World Wide Web conjures up images of a giant spider web in which everything is connected with everything else in a random pattern and you can go from one end to another web just by following the appropriate link. Theoretically, this is what makes the Web different from the typical index system: you can follow a hyperlink from one page to another. In the theory of "small world" of web, each web page would have been separated from any other web page with an average of about 19 clicks. In 1968, Stanley Milgram found socologist small world of social network theory by noting that every human being is separated from other human beings, with only six degrees of separation. On the Web, the small world theory is supported by initial studies on a small sample of websites. But a study conducted jointly by scientists at IBM, Compaq, and Alta Vista to find something completely different. Scientists use a spider to identify the 200 million web pages and follow the 1.5 billion links on this page.

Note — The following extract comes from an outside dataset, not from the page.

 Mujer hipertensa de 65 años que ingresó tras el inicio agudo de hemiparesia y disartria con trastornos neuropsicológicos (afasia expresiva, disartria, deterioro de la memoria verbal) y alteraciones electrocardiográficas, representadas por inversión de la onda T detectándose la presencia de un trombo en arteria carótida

The researchers found that the Web is not like a spider web at all, but rather as a bow tie. Web butterflies have "strongly connected component" (SCC), which consists of some 56 million web pages. On the right side of the bow tie is a collection of 44 million OUT page, you can get from the center, but could not return to center. OUT page tends to corporate intranets and web pages to other sites that are designed to trap you on the site when you land. On the left side of the bow tie is a 44-million for the page from which you can get to the center, but you can not go to the center. He recently created a page that has not been associated with the centerfold, many. In addition, 43 million pages classified as a "runner" who do not have a link to the center and can not be linked from the center. However, our vines are sometimes associated with EN and / or OUT page. Sometimes the tendrils are related to each other without going through the center (this is called "tube"). Finally, there are 16 million pages completely disconnected from everything.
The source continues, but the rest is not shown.